YOUR GOAL: Reproduce every line below exactly as written; do not include the images.

STORED DATA:
☆ ☆ ☆ ☆
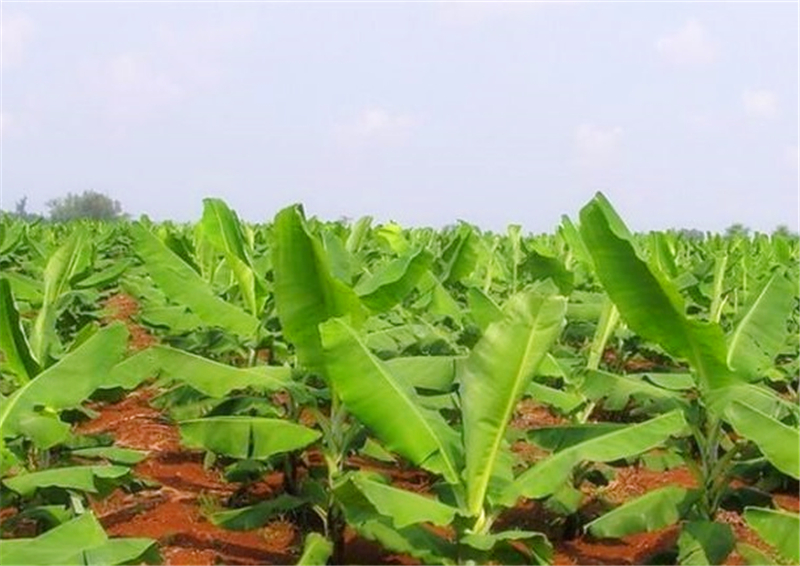 张大姐今年五十多岁了,但是种植香蕉仅仅才8年多的时间,以前一种从事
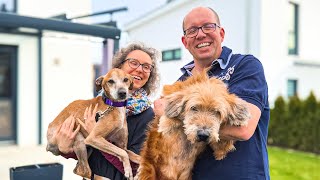 Two Old Dogs Find Forever Home TOGETHER !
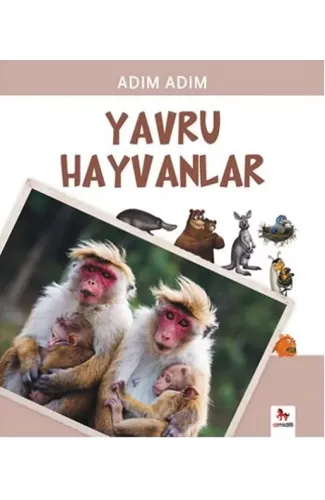 Adım Adım - Yavru Hayvanlar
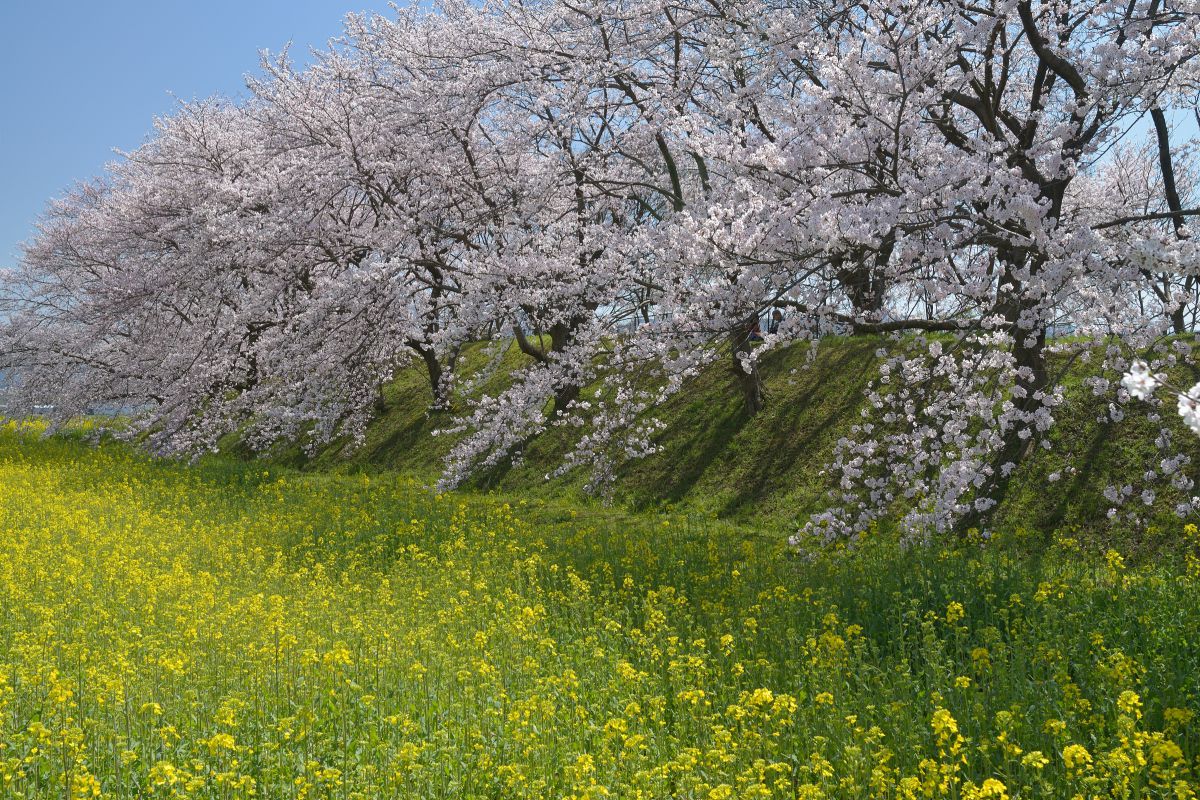 藤原宮跡（奈良県）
☆ ☆ ☆ ☆
ANSWER BOX:
 张大姐今年五十多岁了,但是种植香蕉仅仅才8年多的时间,以前一种从事
 Two Old Dogs Find Forever Home TOGETHER !
 Adım Adım - Yavru Hayvanlar
 藤原宮跡（奈良県）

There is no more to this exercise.